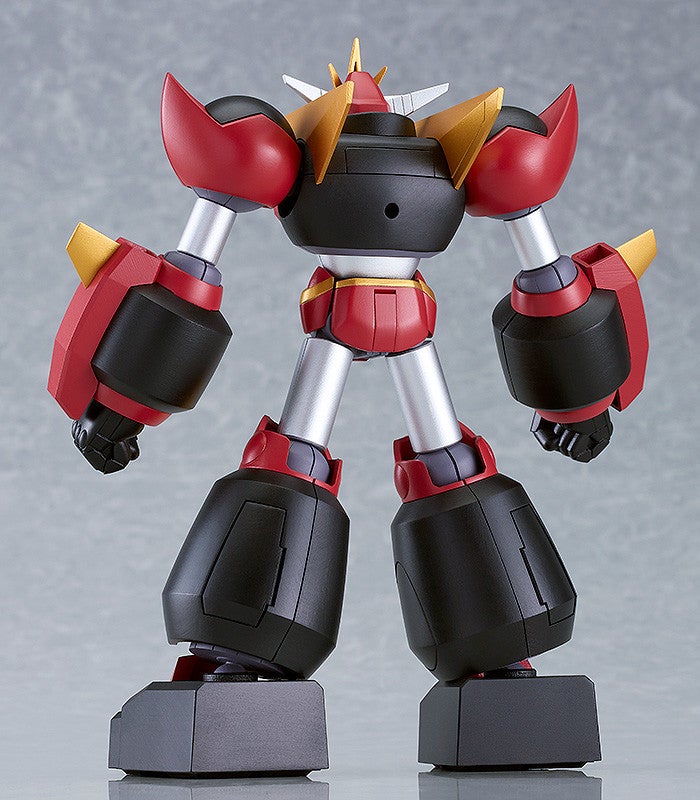 Moderoid Dai-Guard action figure in striking red black and gold standing on display base rear view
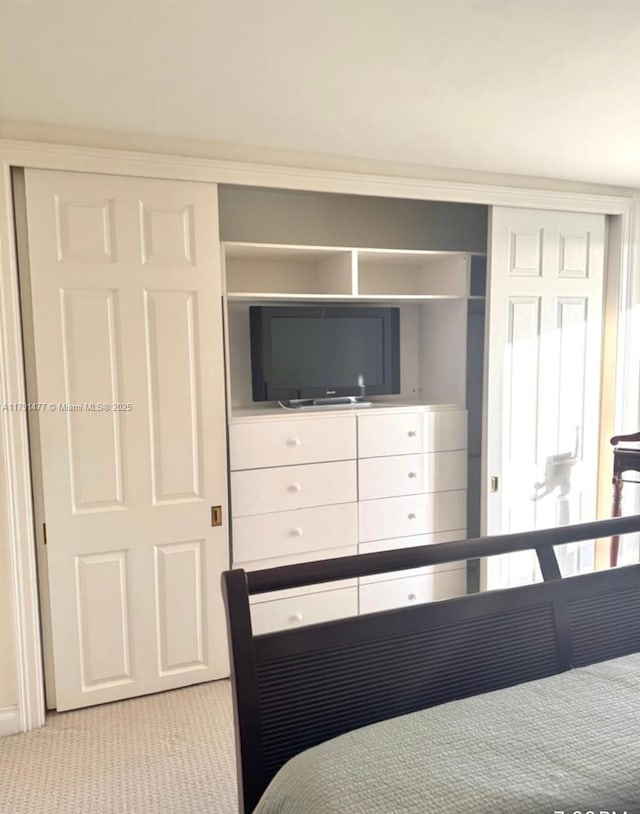 1627 Brickell Ave Unit 2005, Miami, FL 33129 - bedroom featuring light colored carpet and a closet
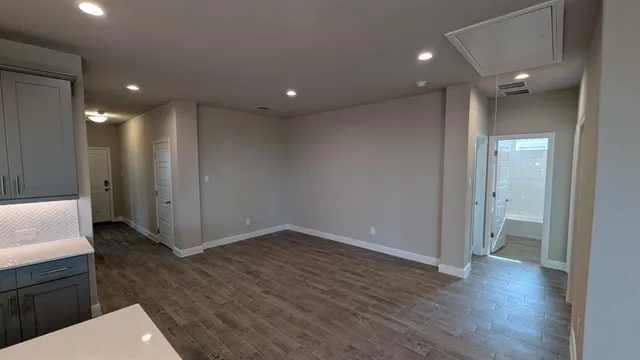 a front view of a house with yard and garage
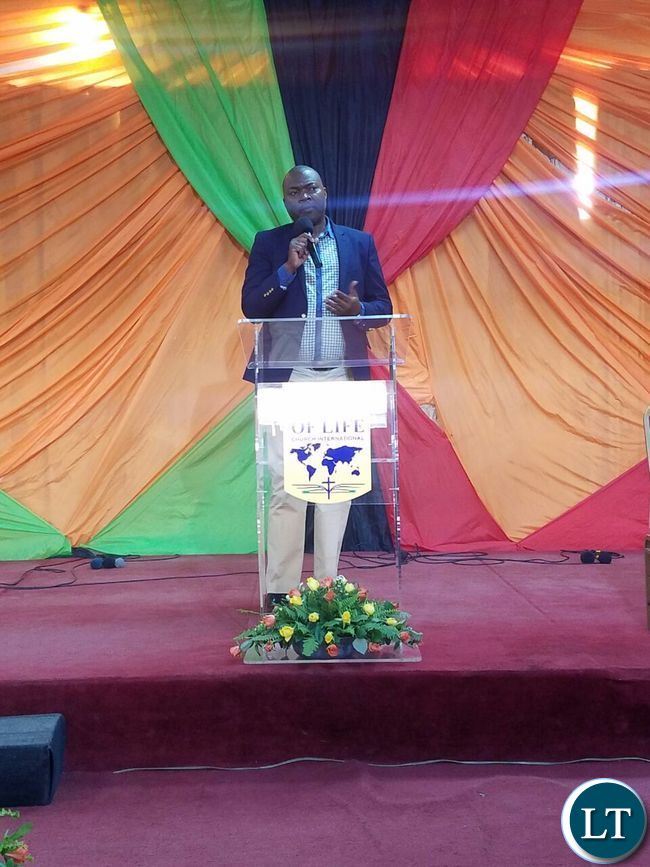 Addressing congregants at Bread of Life Church Ndola Main Branch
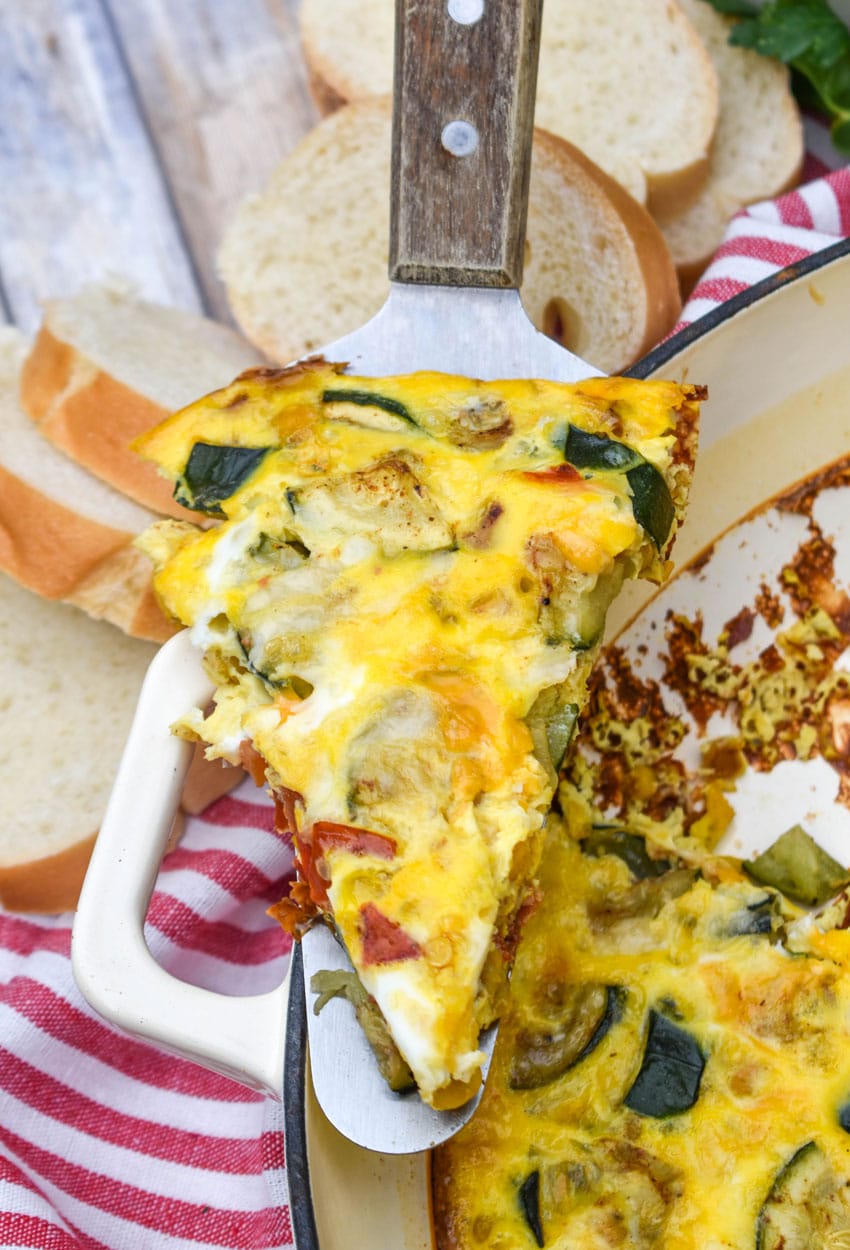 a wood handled spatula lifting a slice of garden vegetable fritatta out of a cast iron skillet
- - -
__Problem details__. Leave the pictures out and reproduce all of the records exactly.

__Worked solution__.
 Moderoid Dai-Guard action figure in striking red black and gold standing on display base rear view
 1627 Brickell Ave Unit 2005, Miami, FL 33129 - bedroom featuring light colored carpet and a closet
 a front view of a house with yard and garage
 Addressing congregants at Bread of Life Church Ndola Main Branch
 a wood handled spatula lifting a slice of garden vegetable fritatta out of a cast iron skillet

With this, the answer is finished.